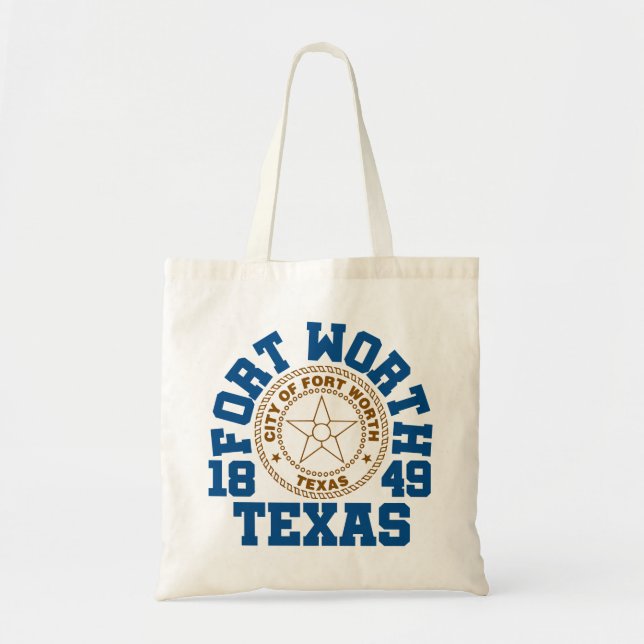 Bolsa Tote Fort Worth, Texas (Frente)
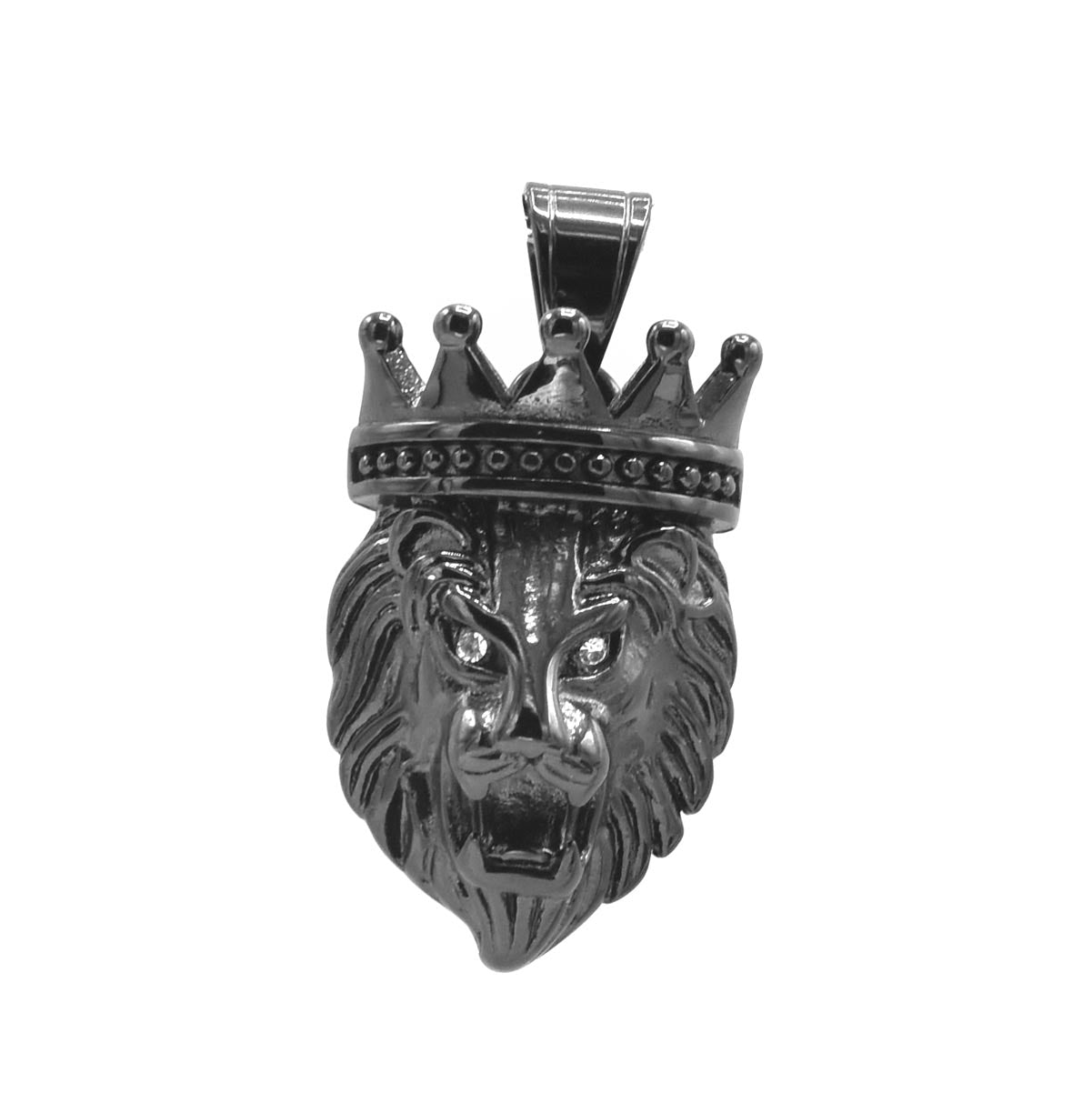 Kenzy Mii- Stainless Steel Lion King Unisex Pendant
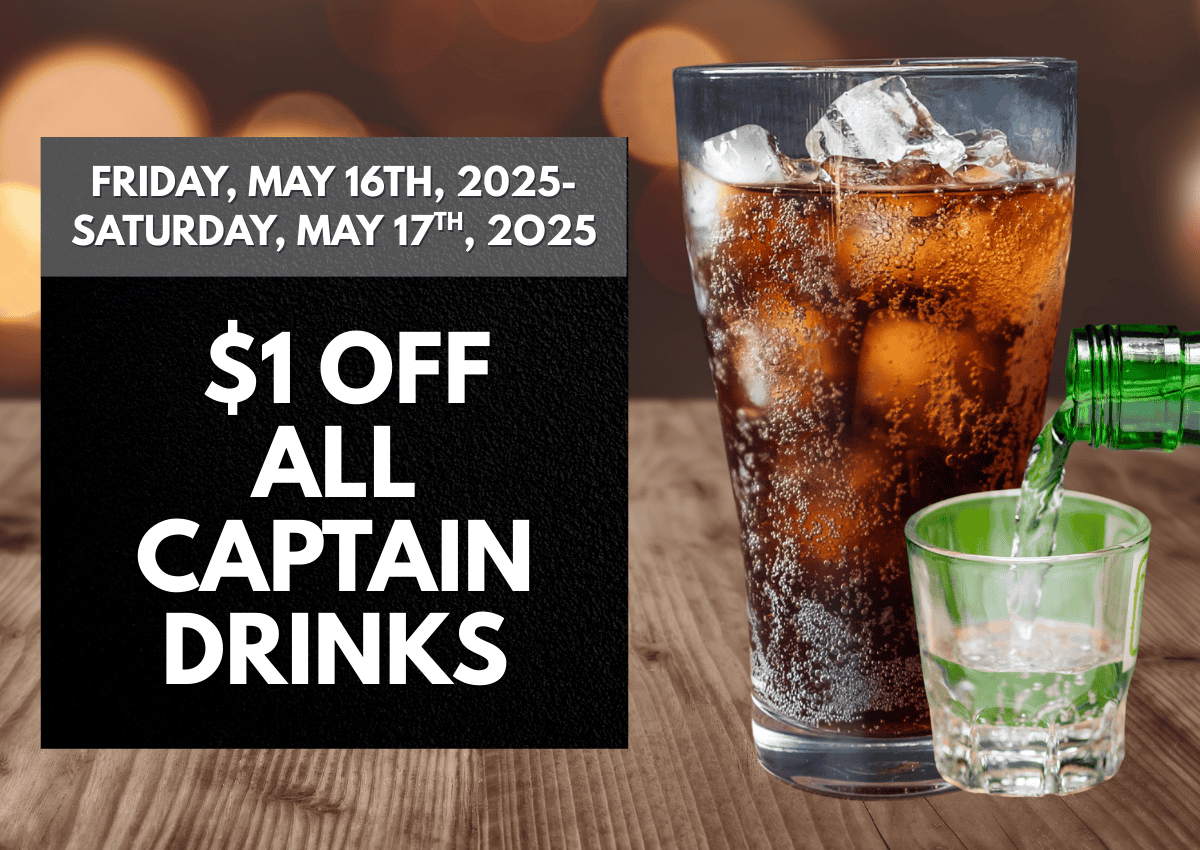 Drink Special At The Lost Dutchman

EXERCISE PROMPT – Apart from the pictures, all of the data must be duplicated exactly as shown above.

THE COMPLETED TASK –
 Bolsa Tote Fort Worth, Texas (Frente)
 Kenzy Mii- Stainless Steel Lion King Unisex Pendant
 Drink Special At The Lost Dutchman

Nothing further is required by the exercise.